The issue I’m having with the proxxon is getting the blades to slot into the holder at the top. There’s a small slit but it just doesn’t seem to open wide enough to easily slot the blade into? I’ve spoken to the shop and explained that we think it may be faulty (it was a display model) and we’ve got to take it in to maybe exchange it, I’m wondering if it’s worth upgrading to the DSH 2 speed model? Ive attached a photo but the slit looks smaller in reality. 

thanks


----------



## Emt (4 Aug 2021)

Returned it to the shop and upgraded to the next model up


----------



## The Watchkeeper (7 Aug 2021)

Emt said:


> Hi, this is my first post and hoping that someone can advise me on my proxxon scroll saw?
> I purchased the DS 230 (baby/craft model) after returning a scheppach one to Amazon as it seemed a bit too bulky and brutal for me!
> The issue I’m having with the proxxon is getting the blades to slot into the holder at the top. There’s a small slit but it just doesn’t seem to open wide enough to easily slot the blade into? I’ve spoken to the shop and explained that we think it may be faulty (it was a display model) and we’ve got to take it in to maybe exchange it, I’m wondering if it’s worth upgrading to the DSH 2 speed model? Ive attached a photo but the slit looks smaller in reality.
> 
> thanks


I have the DSH 2 the slit is tight but I needs to be to hold the blades. The real problem though is changing the blades over due to the flaff of messing with the Allen key I have changed the boot the a chesse headed bolt which can be tightened with a socket.


----------



## The Watchkeeper (7 Aug 2021)

The Watchkeeper said:


> I have the DSH 2 the slit is tight but I needs to be to hold the blades. The real problem though is changing the blades over due to the flaff of messing with the Allen key I have changed the boot the a chesse headed bolt which can be tightened with a socket.


Predictive text should read bolt!


----------



## Emt (7 Aug 2021)

The Watchkeeper said:


> I have the DSH 2 the slit is tight but I needs to be to hold the blades. The real problem though is changing the blades over due to the flaff of messing with the Allen key I have changed the boot the a chesse headed bolt which can be tightened with a socket.


I’ve just ordered some thumb screw/ knobs for mine, hopefully they’ll be easier


----------



## The Watchkeeper (7 Aug 2021)

Emt said:


> I’ve just ordered some thumb screw/ knobs for mine, hopefully they’ll be easier


Please let me know how you get on with these, thanks.


----------



## Emt (8 Aug 2021)

The Watchkeeper said:


> Please let me know how you get on with these, thanks.
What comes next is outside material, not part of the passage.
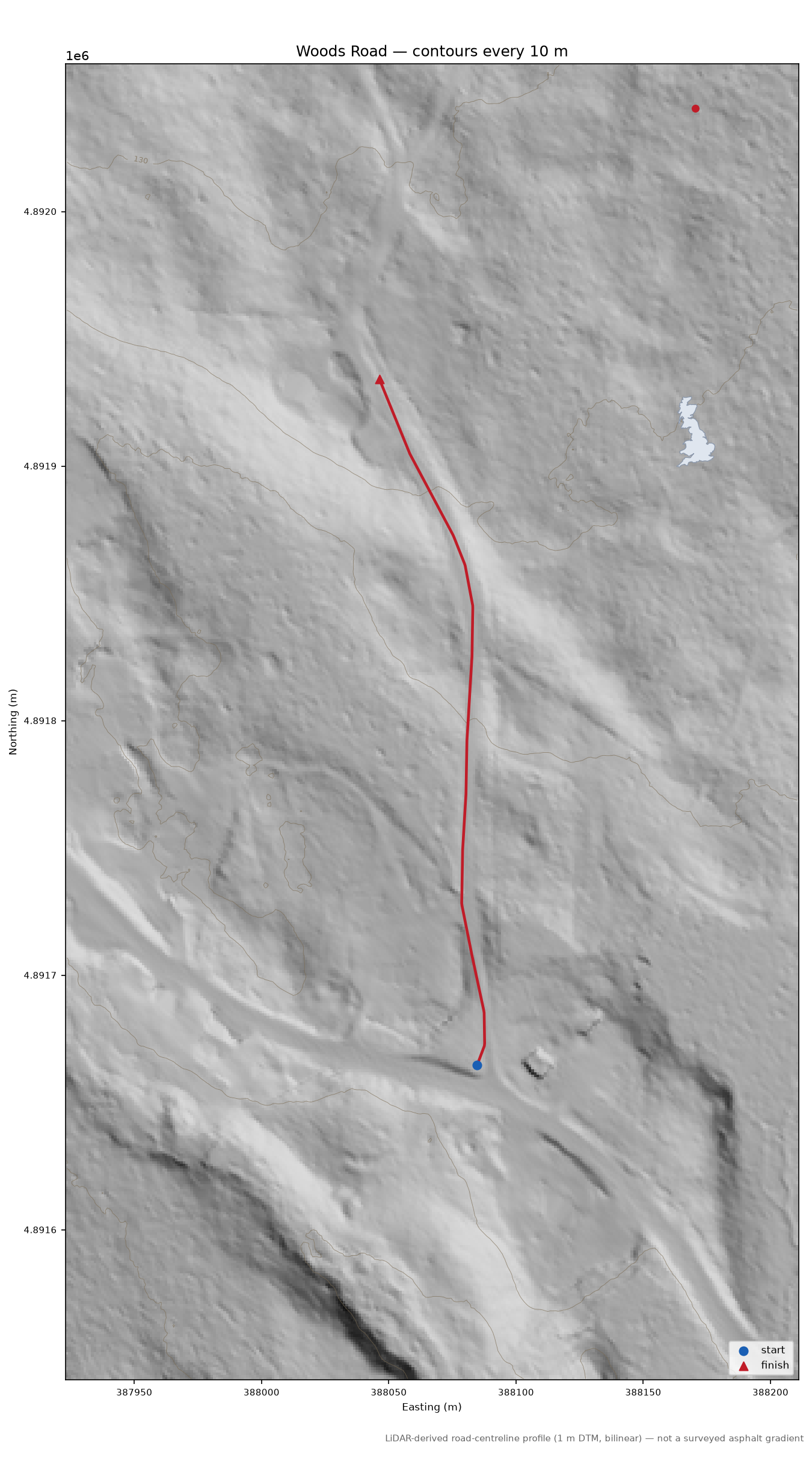 Woods Road LiDAR hillshade map with contours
Received them yesterday but couldnt Get them to screw tight enough to hold the blade in place. I’ve ordered some slightly longer ones to see if they’re any better?


----------



## The Watchkeeper (10 Aug 2021)

Thanks for the info. I really can't understand why Proxxon have not addressed the problem, either by using stronger bolts that the heads don't get rounded or indeed using thumb bolts! Anyway good luck with the next ones.


----------



## Emt (11 Aug 2021)

No good either unfortunately! ( not sure if you e been following my other post)?


----------



## The Watchkeeper (20 Aug 2021)

It seems that the only way around using the Allen key is to replace the bolt with one that can be tightened by a socket, which is my preference. I also am selective in choosing patterns that have the minimum of internal cuts thereby reducing the amount of times I need to loosen the blade. My next scroll saw will have the facility for a quick release blade and obviously not a Proxxon!


----------